• **DATA SHOWN**:
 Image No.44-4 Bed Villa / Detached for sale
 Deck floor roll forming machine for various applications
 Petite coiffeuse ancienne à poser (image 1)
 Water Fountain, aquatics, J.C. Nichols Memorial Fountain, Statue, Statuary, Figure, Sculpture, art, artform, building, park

• **ABOUT THIS EXERCISE**: Only the lines from the one containing "Deck floor roll" through the last line above belong in your answer. Retype them exactly.

• **REPLY TO THE TASK**:
 Deck floor roll forming machine for various applications
 Petite coiffeuse ancienne à poser (image 1)
 Water Fountain, aquatics, J.C. Nichols Memorial Fountain, Statue, Statuary, Figure, Sculpture, art, artform, building, park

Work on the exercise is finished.